_DATASET_
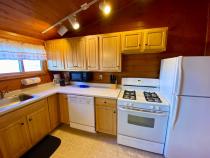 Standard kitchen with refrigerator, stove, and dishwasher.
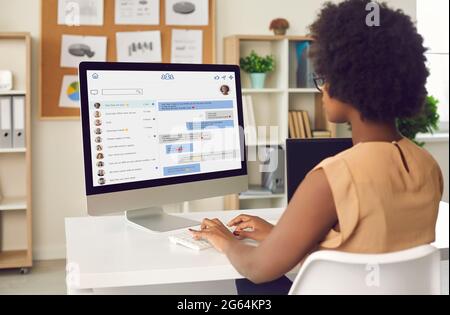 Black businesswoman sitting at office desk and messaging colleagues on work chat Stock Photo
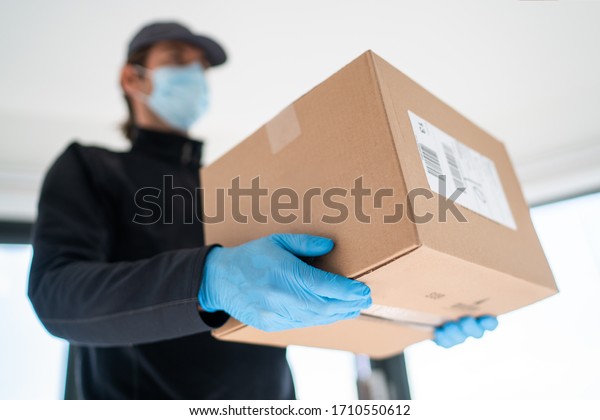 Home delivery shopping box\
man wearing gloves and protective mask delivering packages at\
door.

_PROBLEM TO WORK ON_
Word for word, copy all the entries above, but with no pictures.

_REPLY_
 Standard kitchen with refrigerator, stove, and dishwasher.
 Black businesswoman sitting at office desk and messaging colleagues on work chat Stock Photo
 Home delivery shopping box\
man wearing gloves and protective mask delivering packages at\
door.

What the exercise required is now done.